▶ [Data below]
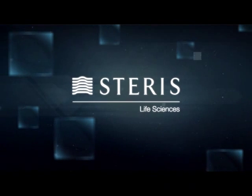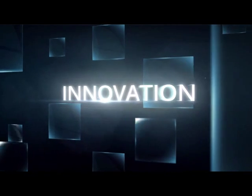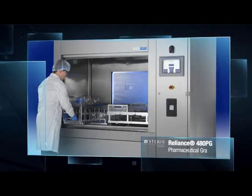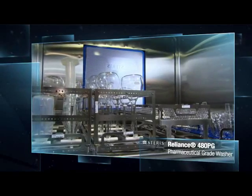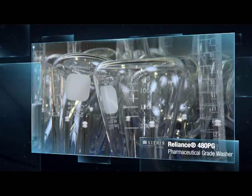Introducing a new high performance parts cleaning system from Steris. The Reliance 480PG pharmaceutical grade washer was designed to clean critical components commonly used in pharmaceutical manufacturing, such as filling line and packaging machine parts.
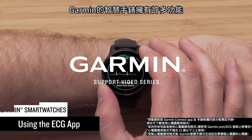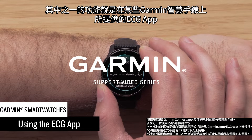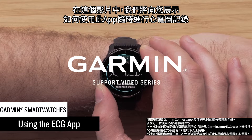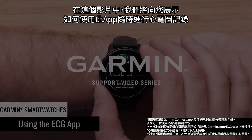Garmin smartwatches have many features that can help you better understand your body. One of those features is the ECG app, available on select Garmin smartwatches. In this video, we'll show you how to use the app to take an ECG recording anytime you like.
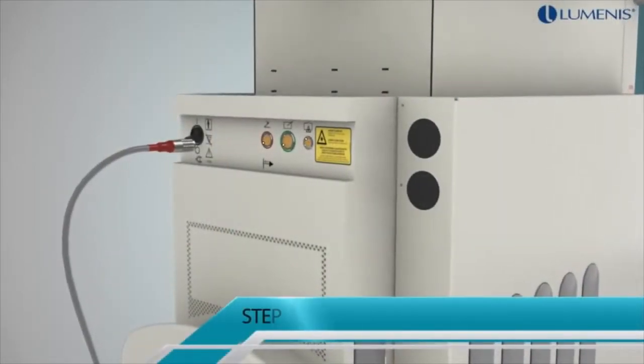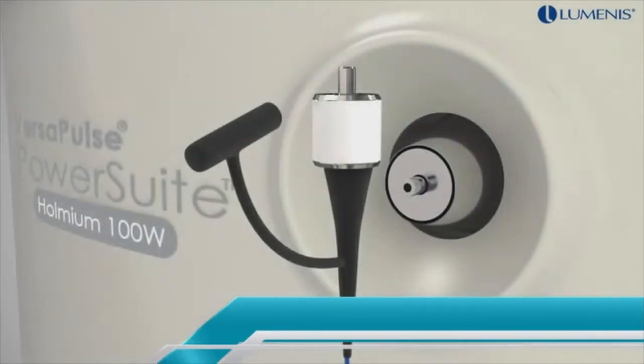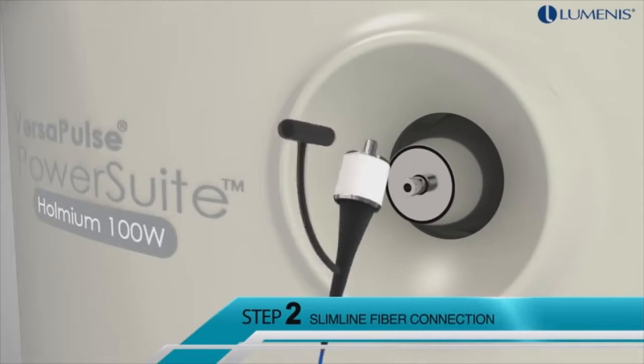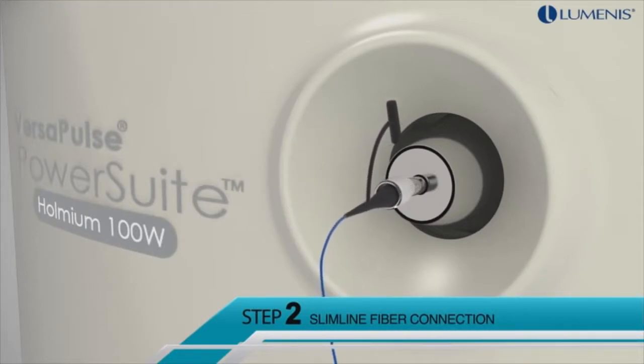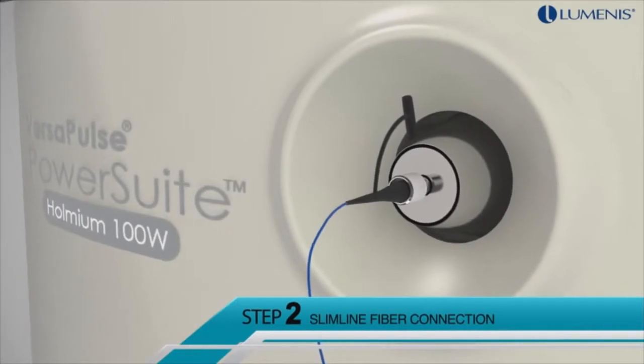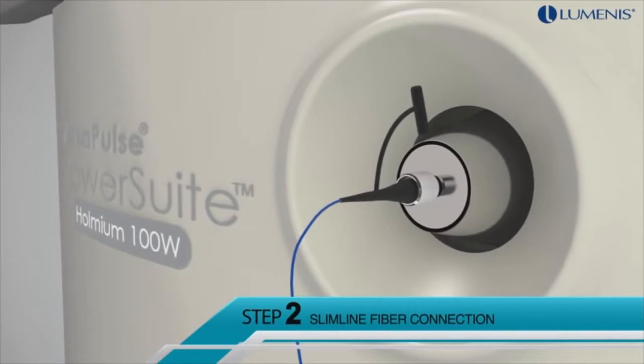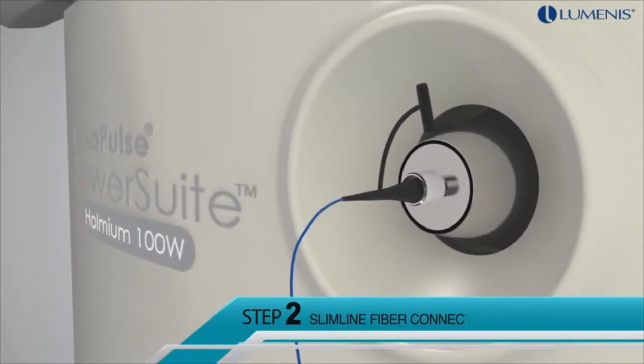The system setup includes five simple steps. Step 1: connecting the foot switch. Step 2: connecting the fiber. The VPPS 100W system is optimized for use with the Slimline family of disposable or reusable fibers. For HoLEP, the Slimline 550 micrometer is the most suitable fiber.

▶ [What is being asked]
Repeat the data verbatim through the "Garmin smartwatches have" line, no pictures.

▶ [Exercise output]
Introducing a new high performance parts cleaning system from Steris. The Reliance 480PG pharmaceutical grade washer was designed to clean critical components commonly used in pharmaceutical manufacturing, such as filling line and packaging machine parts.
Garmin smartwatches have many features that can help you better understand your body. One of those features is the ECG app, available on select Garmin smartwatches. In this video, we'll show you how to use the app to take an ECG recording anytime you like.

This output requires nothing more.